I'd also recommend replacing the oil pump while your in there, if we're only last a few more thousand miles you have to completely tear down the engine to get back to it, and with shredded bearings who knows what the flakes did to it

On the turbos if you grab the turbine and has any wiggle side to side or up and down then your seals might be gone.. If it's very minimal then you might be ok, because once the oil is flowing through them it centers the shaft while they spin.. Mine was so bad that my blades were actually contacting my side wall.. Good luck on it!

schwar74
Posts: 53
Joined: Fri Nov 02, 2012 8:13 am
Car: 1990 300zxTT Auto
1990 300zx na 2+2

Post

So I'm on to plan B,

I picked up a used motor this weekend, and am getting started with going through it. Its apparently been sitting for about a year. But so far, it looks nice and clean internally.

So on to more random thoughts and questions:

I'm trying to decide how far I want to go taking it apart. I've got the valve covers off, and things look pretty good on the top of the heads. And looking into the intake and exhaust ports, the valves look good. Should I pull the heads just to take a look at the valves? And to look at the tops of the cylinders? I was thinking about swapping in the lifters out of the heads that were on the trashed motor since in theory at least, they should still be fairly full of oil.

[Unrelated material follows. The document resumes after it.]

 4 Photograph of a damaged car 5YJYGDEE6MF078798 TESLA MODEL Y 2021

I removed the oil pan, and the bottom end looks good, with nothing metalic in the pan or in the sump screen. I was thinking that as long as all the rod bearings feel tight, I should be ok. Agreed? Is there anything else to check while I'm in there?

Is there any way to tell auto from manual cams besides the paint? Or aftermarket cams? Do I just need to mic the lobes?

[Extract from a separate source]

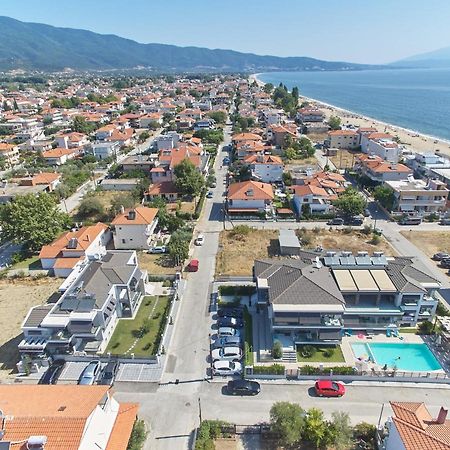Albatros Luxury Suites Vrasná 외부 사진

Another nice thing about the motor purchase is I got another wiring harness (to hopefully salvage some better connectors), some exhaust components and a nice polished plenum, as well as some powder coated throttle components along with it. And an extra set of heads. So now my garage is full of parts. :)

I also got a hicas delete kit in the mail as well, so I have that to install also.

Any other thoughts/ideas?

Thanks!!!

Scott

schwar74
Posts: 53
Joined: Fri Nov 02, 2012 8:13 am
Car: 1990 300zxTT Auto
1990 300zx na 2+2

Post

Update . . . . Finally was able to start it last night. Pretty excited to say the least.

I ended up rebuilding the used motor that I got. It didn't really need much as it was in pretty good shape, but I wanted to be sure. The block was dipped, the cylinders honed, heads checked, and then it got new bearings and rings. I cleaned/serviced the lifters per Ash's writeup on TT.net. I also bought a replacement fuel rail from Bernie with new style stock injectors.

Everything went fairly smoothly overall. I failed to recognize that the head bolts are different lengths, and got a short bolt in the wrong hole, which messed up a little bit of the threads, but things torqued down fine.

I bought some good used turbos that were pretty much within spec as far as shaft play was concerned.

The cooling lines were rerouted because I deleted the cooling lines from under the plenum.

I think there's an issue with the inhibitor switch/neutral safety switch (auto transmission),as I couldn't get the starter to engage. The starter relay is not getting any signal with the key in the start position. If I jumper the big connector coming from the starter relay, it cranks just fine.

Theres a pretty good puddle of power steering fluid under the pump today. I'll have to get that figured out.

But its good to know that its alive, and that this whole project now has an end in sight!